Segment Open

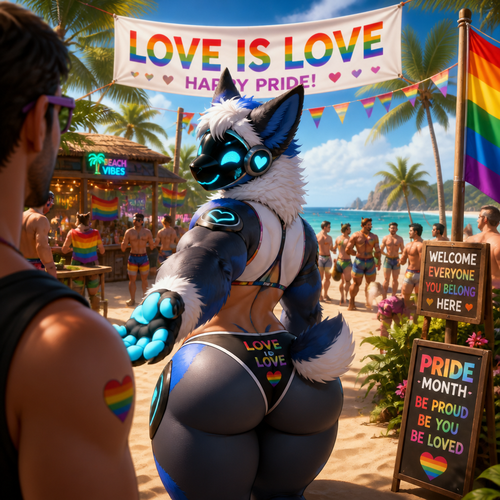 A well-made homosexual fluffy gay Protogen adult male that wears a swimsuit and has thick thighs and a big round buttocks also has a short tail who’s invited a man into a party at the beach and has both nice views where love is love in pride month.
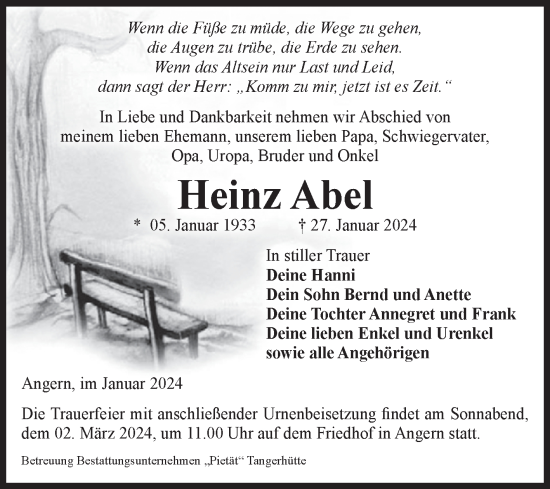 Traueranzeige von Heinz Abel von Volksstimme Haldensleben/Wolmirstedt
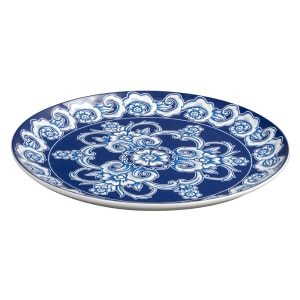 166-BLUP11 11" Round Melamine Dinner Plate, Blue/White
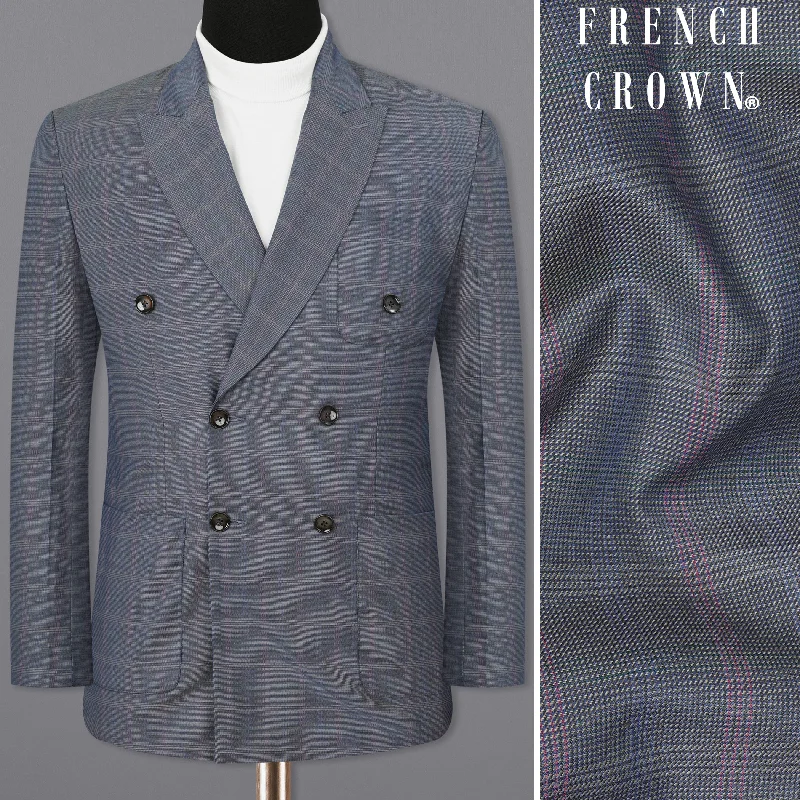 Tall Men's White Linen Blazer with Gold Buttons for a Beach - Ready and Elegant LookStorm Dust Plaid Double Breasted Sports Blazer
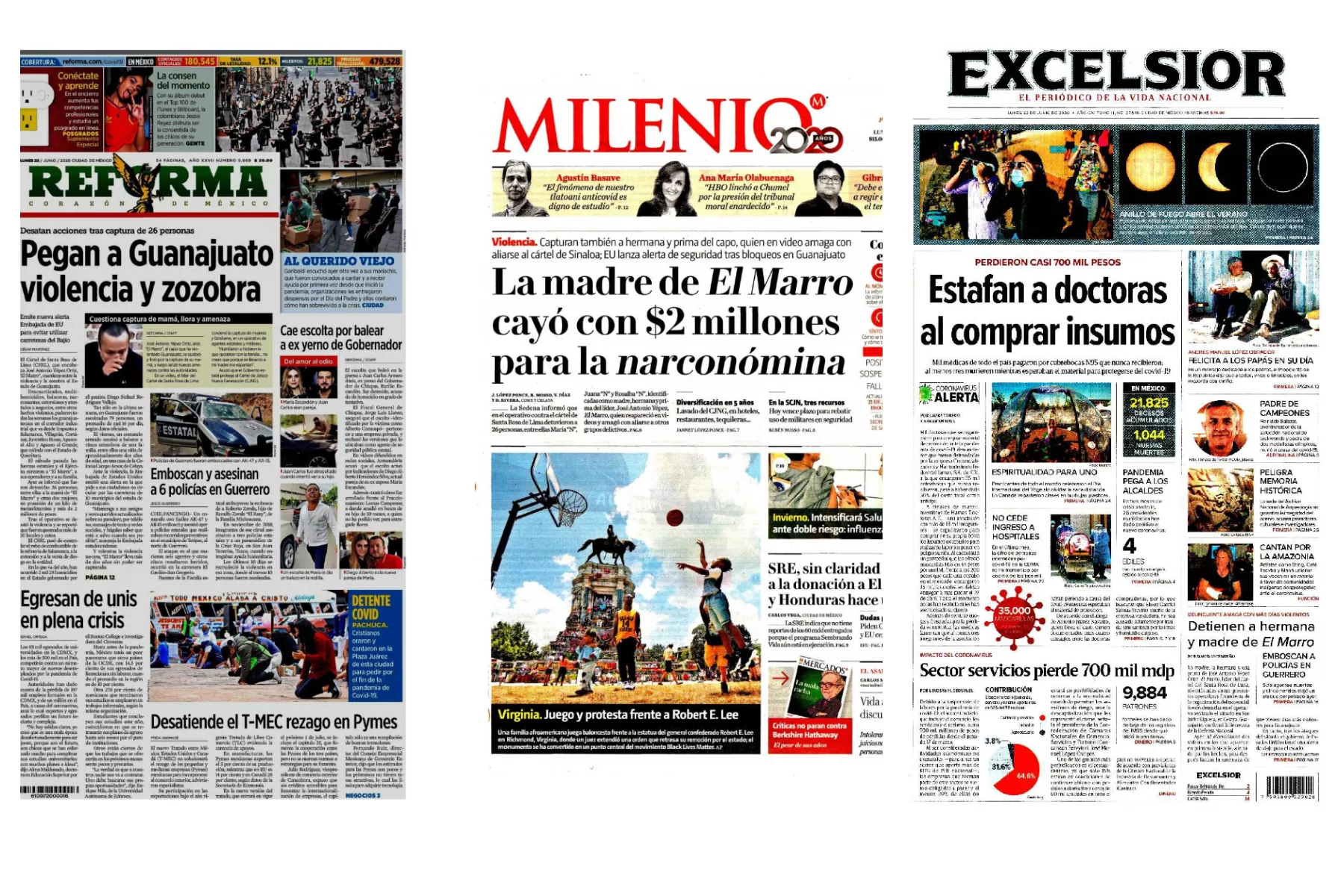 Portadas del 22 de junio de 2020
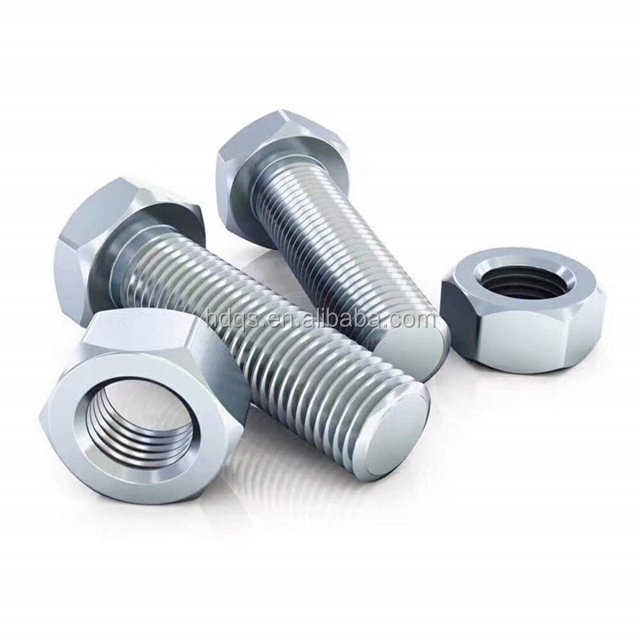 4.8,8.8 grade DIN 933 HDG Stainless steel Hex Bolt and Nut, Hexagon bolt and nut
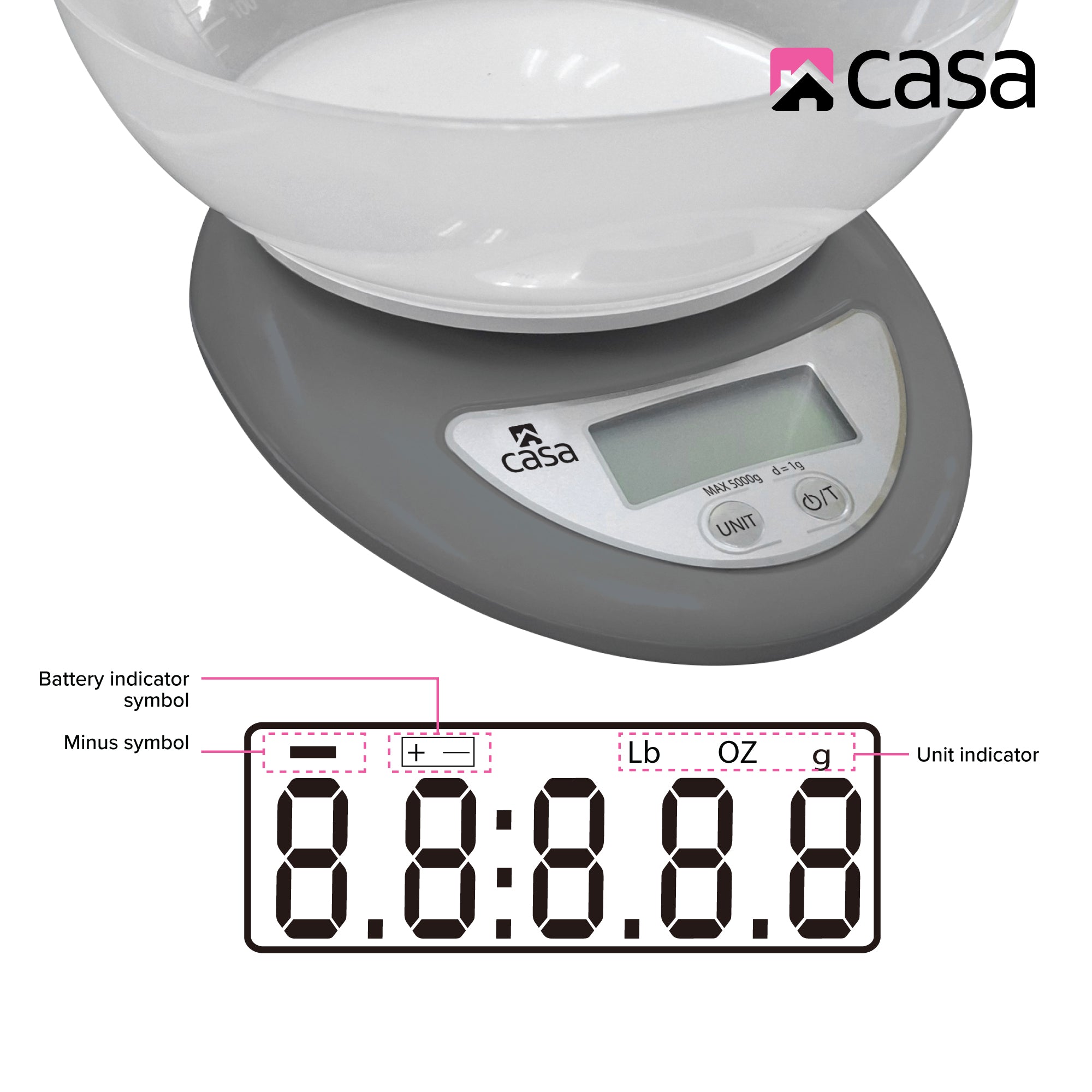 Kitchen Digital Scale - Grey - With Clear Plastic Bowl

Segment Closed

WHAT TO PRODUCE: Output each line exactly as shown above; no pictures go in the copy.

TASK OUTPUT:
 A well-made homosexual fluffy gay Protogen adult male that wears a swimsuit and has thick thighs and a big round buttocks also has a short tail who’s invited a man into a party at the beach and has both nice views where love is love in pride month.
 Traueranzeige von Heinz Abel von Volksstimme Haldensleben/Wolmirstedt
 166-BLUP11 11" Round Melamine Dinner Plate, Blue/White
 Tall Men's White Linen Blazer with Gold Buttons for a Beach - Ready and Elegant LookStorm Dust Plaid Double Breasted Sports Blazer
 Portadas del 22 de junio de 2020
 4.8,8.8 grade DIN 933 HDG Stainless steel Hex Bolt and Nut, Hexagon bolt and nut
 Kitchen Digital Scale - Grey - With Clear Plastic Bowl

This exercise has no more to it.